WORK TO COMPLETE
Extract all data as written.

Records from a data collection:
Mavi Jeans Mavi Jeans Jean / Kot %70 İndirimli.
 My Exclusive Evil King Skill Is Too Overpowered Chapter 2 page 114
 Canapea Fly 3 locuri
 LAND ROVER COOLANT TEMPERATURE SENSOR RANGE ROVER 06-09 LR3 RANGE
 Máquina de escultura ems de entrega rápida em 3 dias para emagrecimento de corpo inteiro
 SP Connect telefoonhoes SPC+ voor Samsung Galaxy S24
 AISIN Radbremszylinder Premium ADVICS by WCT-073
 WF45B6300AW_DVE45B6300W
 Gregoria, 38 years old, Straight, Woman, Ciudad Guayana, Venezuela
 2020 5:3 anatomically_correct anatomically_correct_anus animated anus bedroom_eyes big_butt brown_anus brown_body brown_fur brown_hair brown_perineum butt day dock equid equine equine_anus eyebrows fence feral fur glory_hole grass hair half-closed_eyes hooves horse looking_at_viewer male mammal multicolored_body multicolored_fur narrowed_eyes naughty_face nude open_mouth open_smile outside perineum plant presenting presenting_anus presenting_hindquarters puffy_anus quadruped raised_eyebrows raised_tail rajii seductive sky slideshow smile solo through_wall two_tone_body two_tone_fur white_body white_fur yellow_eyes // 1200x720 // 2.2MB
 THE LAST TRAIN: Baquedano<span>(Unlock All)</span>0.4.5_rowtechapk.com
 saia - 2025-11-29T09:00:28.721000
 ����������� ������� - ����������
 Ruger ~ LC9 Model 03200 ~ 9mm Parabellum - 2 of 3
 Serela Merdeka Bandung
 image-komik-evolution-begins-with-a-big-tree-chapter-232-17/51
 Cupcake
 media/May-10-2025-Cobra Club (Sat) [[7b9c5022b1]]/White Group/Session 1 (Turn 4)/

COMPLETED EXERCISE
Mavi Jeans Mavi Jeans Jean / Kot %70 İndirimli.
 My Exclusive Evil King Skill Is Too Overpowered Chapter 2 page 114
 Canapea Fly 3 locuri
 LAND ROVER COOLANT TEMPERATURE SENSOR RANGE ROVER 06-09 LR3 RANGE
 Máquina de escultura ems de entrega rápida em 3 dias para emagrecimento de corpo inteiro
 SP Connect telefoonhoes SPC+ voor Samsung Galaxy S24
 AISIN Radbremszylinder Premium ADVICS by WCT-073
 WF45B6300AW_DVE45B6300W
 Gregoria, 38 years old, Straight, Woman, Ciudad Guayana, Venezuela
 2020 5:3 anatomically_correct anatomically_correct_anus animated anus bedroom_eyes big_butt brown_anus brown_body brown_fur brown_hair brown_perineum butt day dock equid equine equine_anus eyebrows fence feral fur glory_hole grass hair half-closed_eyes hooves horse looking_at_viewer male mammal multicolored_body multicolored_fur narrowed_eyes naughty_face nude open_mouth open_smile outside perineum plant presenting presenting_anus presenting_hindquarters puffy_anus quadruped raised_eyebrows raised_tail rajii seductive sky slideshow smile solo through_wall two_tone_body two_tone_fur white_body white_fur yellow_eyes // 1200x720 // 2.2MB
 THE LAST TRAIN: Baquedano<span>(Unlock All)</span>0.4.5_rowtechapk.com
 saia - 2025-11-29T09:00:28.721000
 ����������� ������� - ����������
 Ruger ~ LC9 Model 03200 ~ 9mm Parabellum - 2 of 3
 Serela Merdeka Bandung
 image-komik-evolution-begins-with-a-big-tree-chapter-232-17/51
 Cupcake
 media/May-10-2025-Cobra Club (Sat) [[7b9c5022b1]]/White Group/Session 1 (Turn 4)/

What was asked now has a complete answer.